Bury Black Pudding – The History of

Chadwick’s Bury Black Pudding

You have to go as far back as 1810 to a find the first reports of black pudding being made in Bury. A small shop called Casewell’s made them and sold them at their shop at 60 union street. The next reports are from 1865 onwards when a Cumberland wrestler called Joshua Thompson  would make Bury black puddings in the cellar of his house on East Street. His great grandson, Harry Reddish was the first person to start selling them on Bury Market along it’s Moss street frontage in 1929, and continued until his death 43 years later in 1972. It was his nephew Kenneth Young who inherited the stall but it was taken over by Edwin (Eddie) Chadwick.

Edwin Chadwick originally started out as a butcher in 1971, his premises were located on 247 Burnley Road East, Waterfoot. Like any butcher’s shop, Edwin sold a range of different products and black pudding was just one of the the side lines. However word started to spread quickly about the quality of his black puddings and demand for them started to increase.

Mary Chadwick with the huge Bury Black Pudding made for the Bury Hospice Charity.

It was in 1972 when the opportunity for Edwin to take over the Black Pudding Stall on the market presented itself as before the reputation for his black puddings continued to increase along with the trade. By 1974 the black pudding trade had grown to such a level and become so time consuming that Edin decided to close the butchery side of the business and focus solely on producing black puddings.

Skip to present day and Edwin’s daughter Mary and her husband Tony Sinacola now run the business. Mary used to help her father make the black puddings when she was just six years old. Tony and Mary make between 1.5 to 2 tonnes of black puddings a week and supply local restaurants, hotels and wholesale butchers.

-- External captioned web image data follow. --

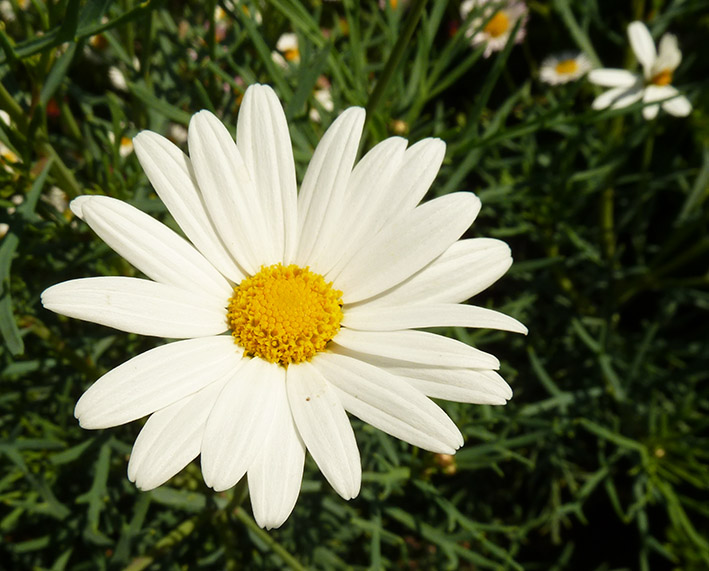 Daisy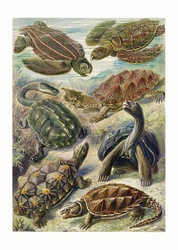 Turtle Art Vintage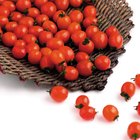 How Do I Properly Freeze a Fresh Tomato for Future Use?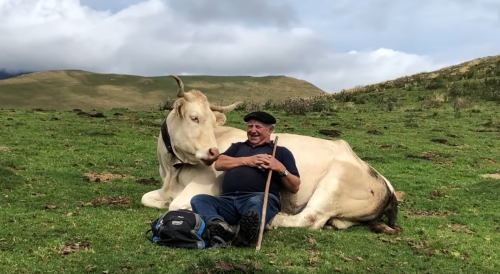 cute monsieur et vache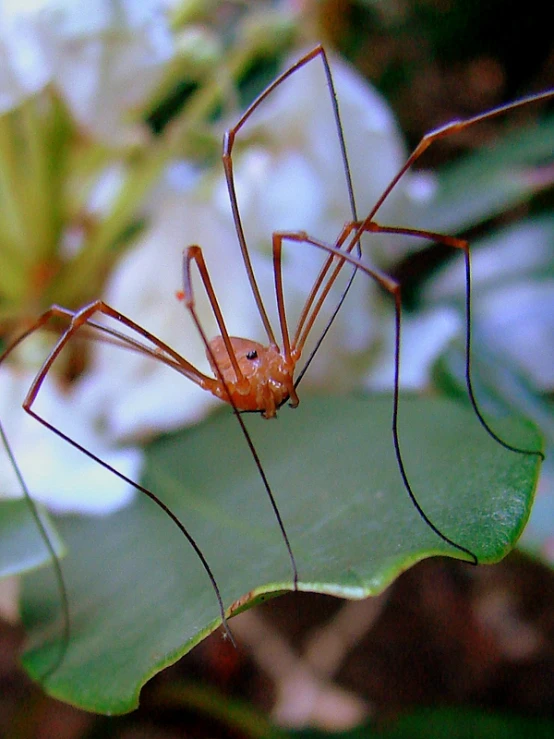 a close - up po of a brown spider on a leaf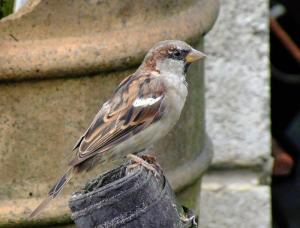 Sparrow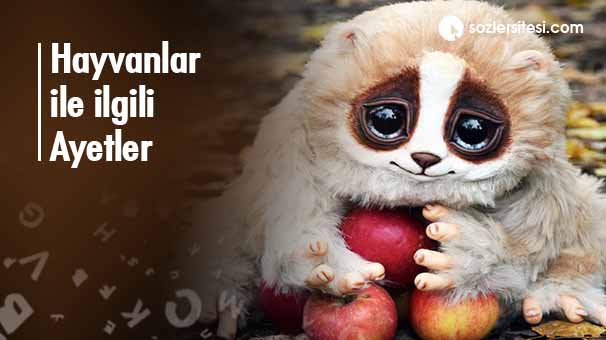 Hayvanlar ile ilgili Ayetler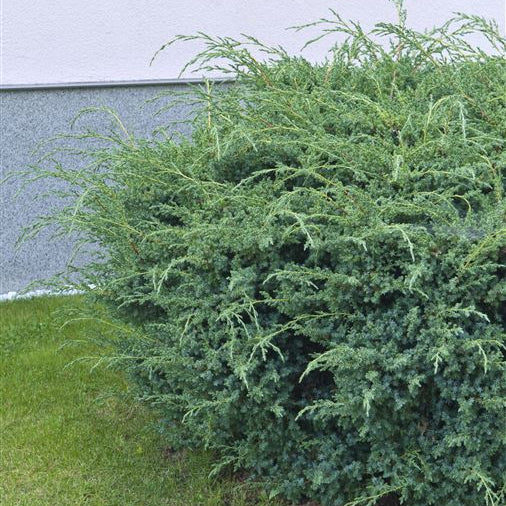 Juniperus chin. 'Blue Alps'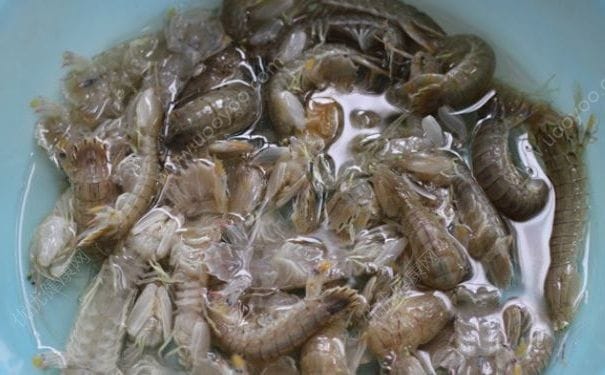 吃皮皮虾有什么好处？吃皮皮虾的好处有哪些？(1)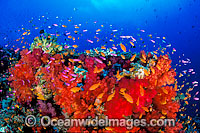 Great Barrier Reef Photo - Gary Bell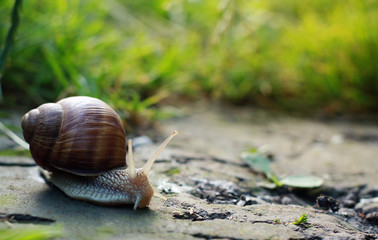 Big snail in shell crawling on road
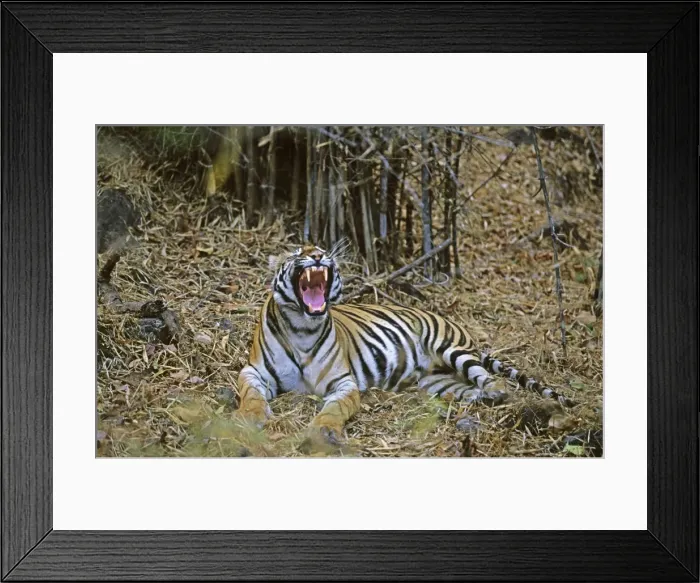 Framed Print : Bengal / Indian Tiger - yawning in the Bamboo forest. Bandhavgarh National Park - India Framed Print : Bengal / Indian Tiger - yawning in the Bamboo forest. Bandhavgarh National Park - India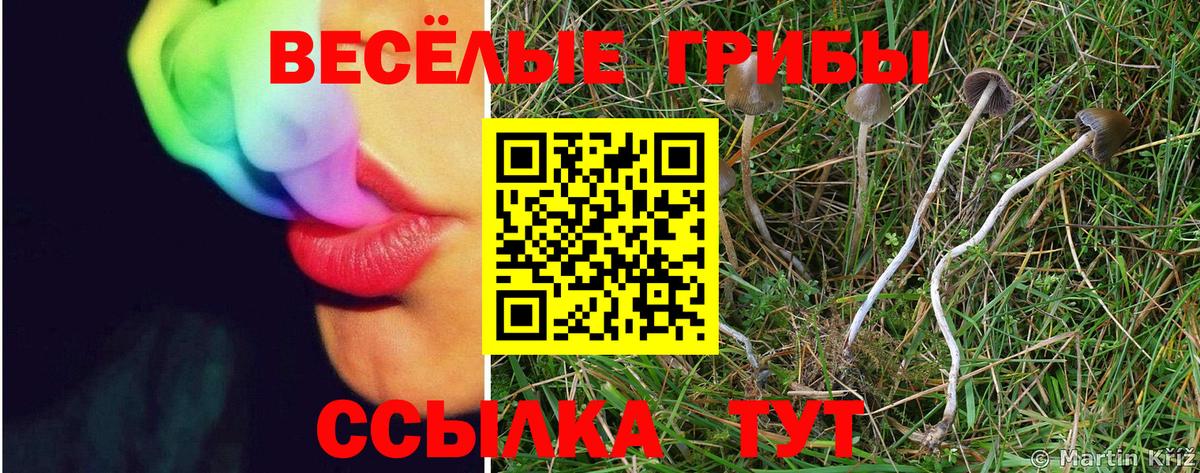 Псилоцибиновые грибы мицелий  Вход с VPN  Реутов  Псилоцибиновые грибы мицелий 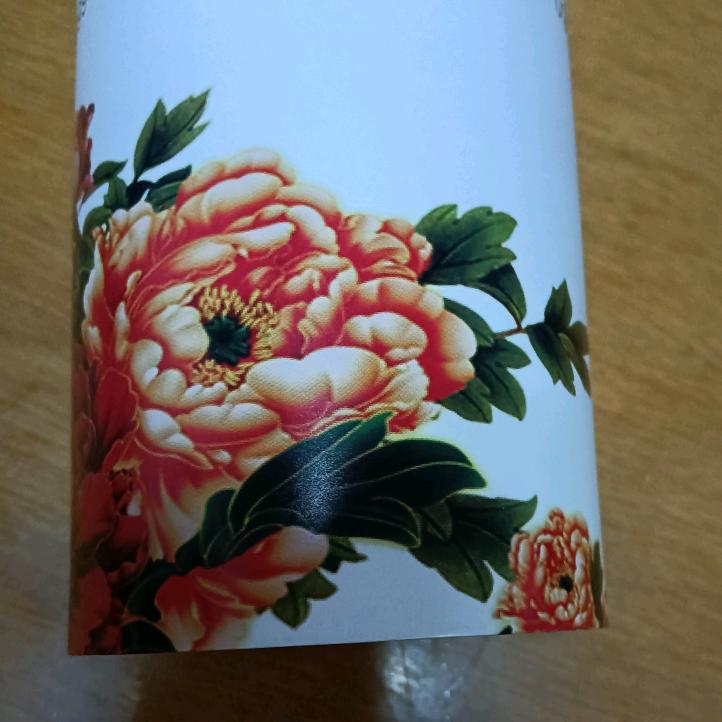 鲨鱼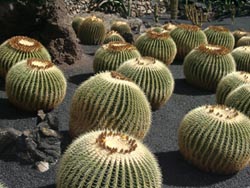 'Schwiegermutterstühle' im Jardin de Cactus - Guatiza - Lanzarote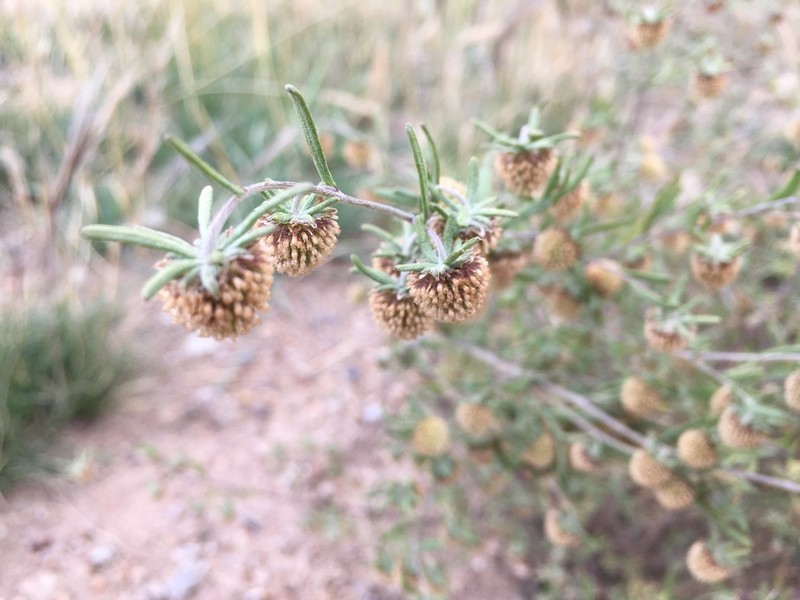 Artemisia macrocephala photo 2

The basic ingredients of black pudding are pig’s blood, barley, oatmeal, pork fat, rusk and herbs. The actual recipe of Chadwick’s black pudding is very much a secret and only known by Tony and Mary.

Many famous people have visited the stall in Bury Market including Prince Charles, Ken Dodd, Julie Goodyear and Pat Phoenix. In 1998 Chadwicks made a huge black pudding for the Bury Hospice charity. The enormous pudding was over 40 feet long and weighed over a 115 lbs.